● PROBLEM DETAILS:
Please set down each record exactly as it appears, but leave out any pictures.

● SUPPLIED RECORDS:

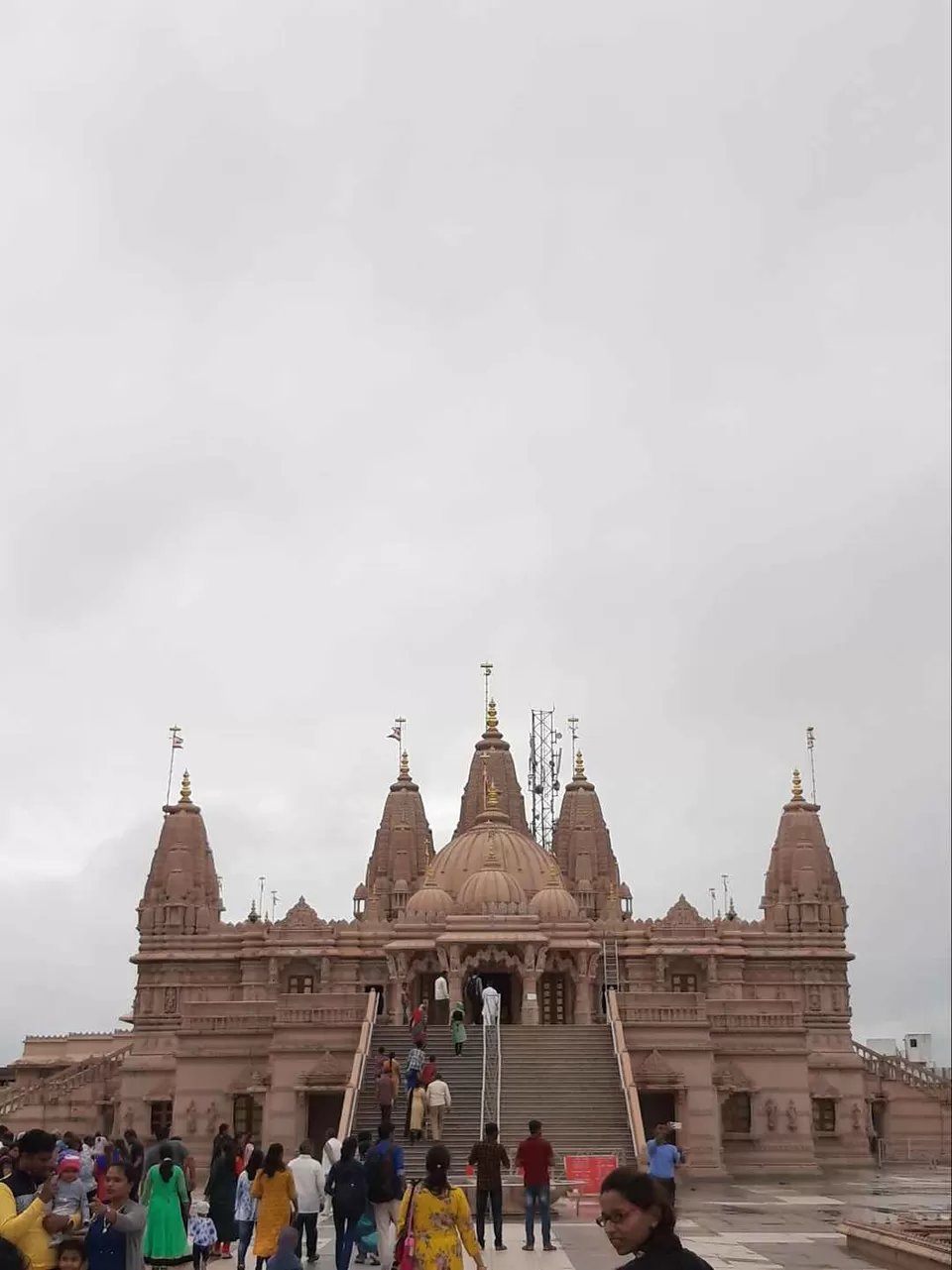 Photo of Pune, Maharashtra, India by Ziku Sarangi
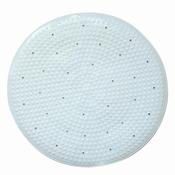 Blue Canyon Quadrant Shower White   image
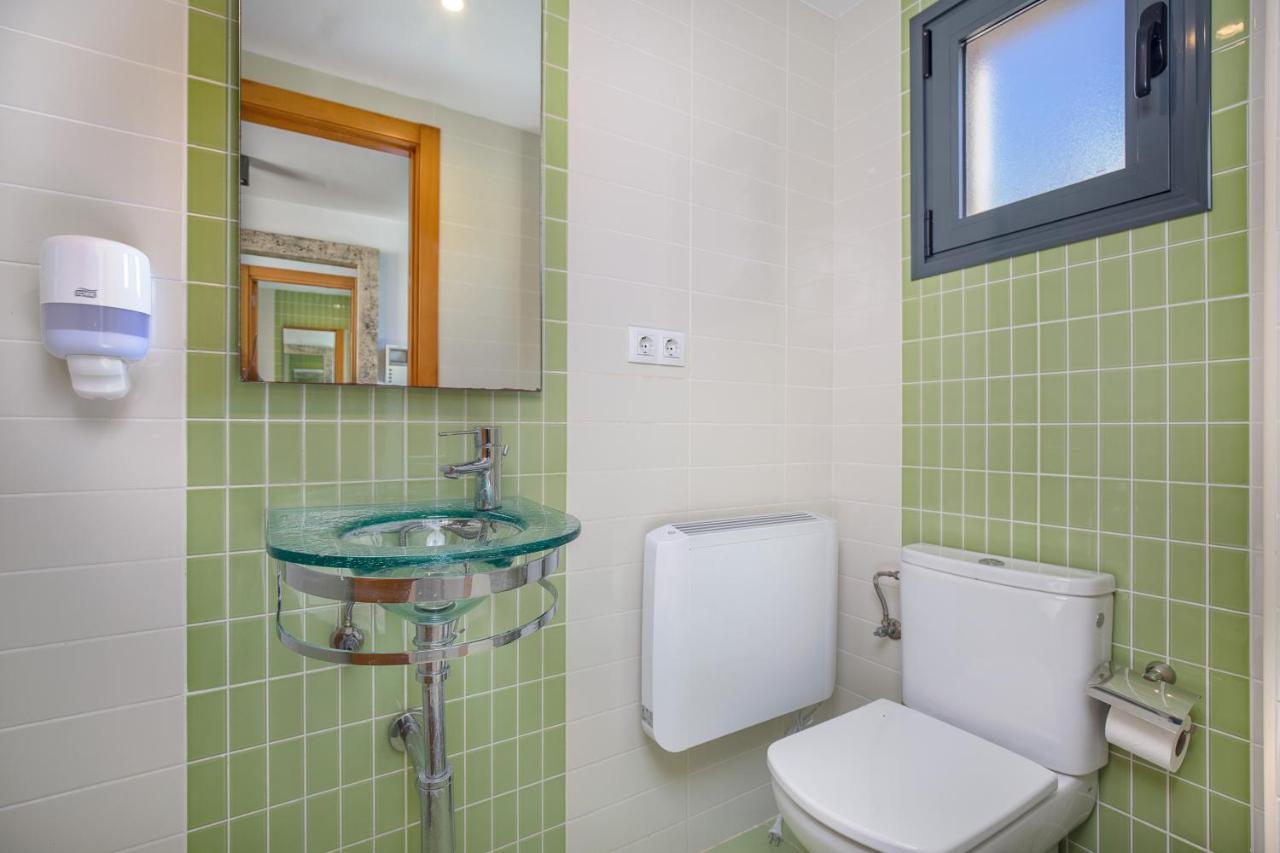 Villas Dulcinea Alcossebre Εξωτερικό φωτογραφία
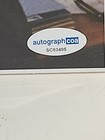 Ricky Gervais Signed The Office 8 X 10 Coa Authentication
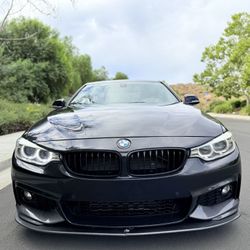 BMW 428i 
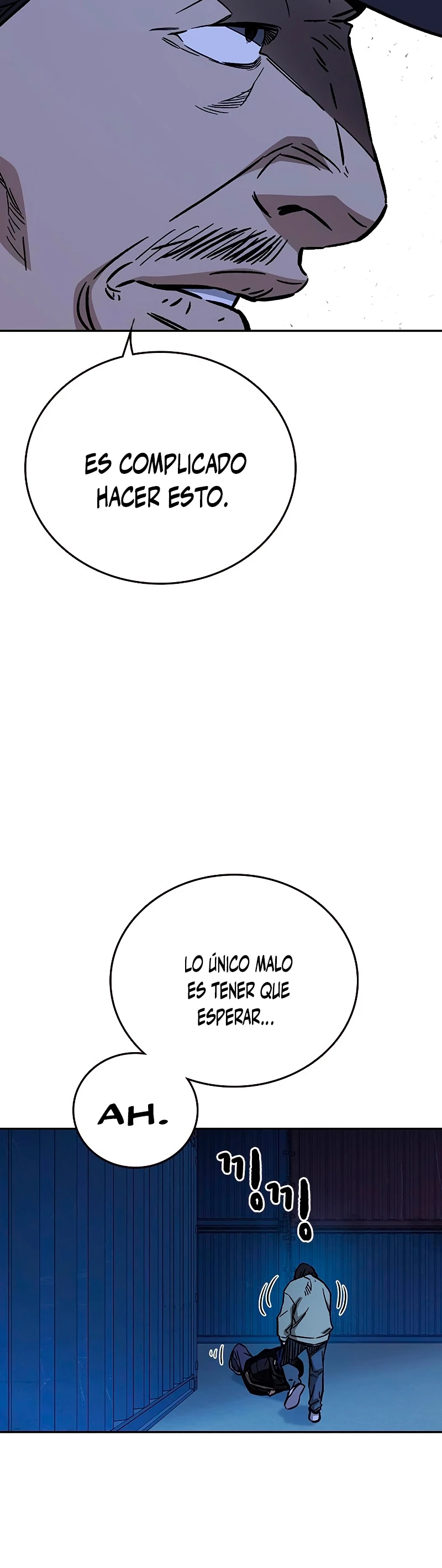 Grupo de Estudio Capítulo 213 - Página 13 en español
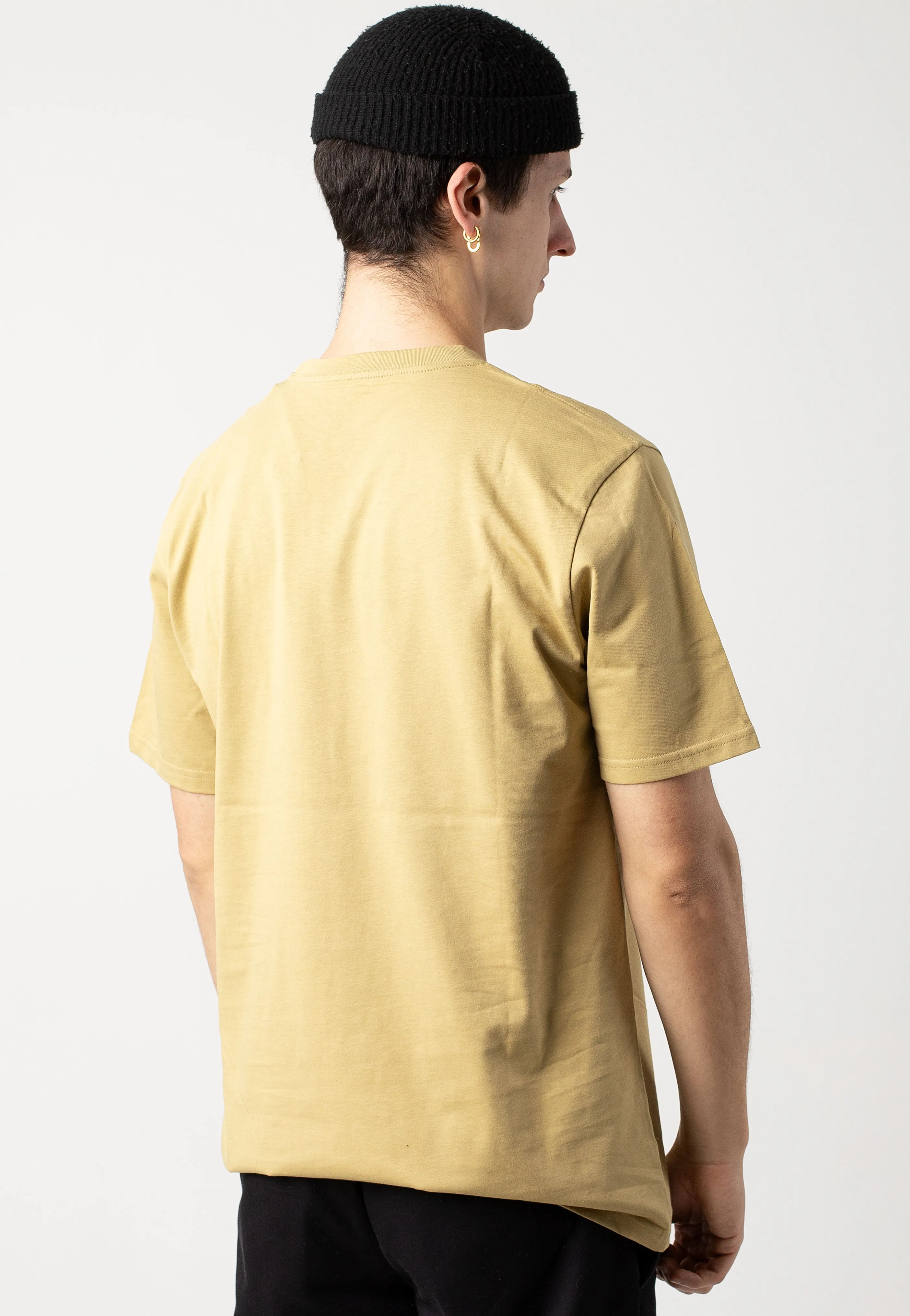 Carhartt WIP - Pocket Agate - T-Shirt Carhartt WIP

● TASK RESULT:
 Photo of Pune, Maharashtra, India by Ziku Sarangi
 Blue Canyon Quadrant Shower White   image
 Villas Dulcinea Alcossebre Εξωτερικό φωτογραφία
 Ricky Gervais Signed The Office 8 X 10 Coa Authentication
 BMW 428i 
 Grupo de Estudio Capítulo 213 - Página 13 en español
 Carhartt WIP - Pocket Agate - T-Shirt Carhartt WIP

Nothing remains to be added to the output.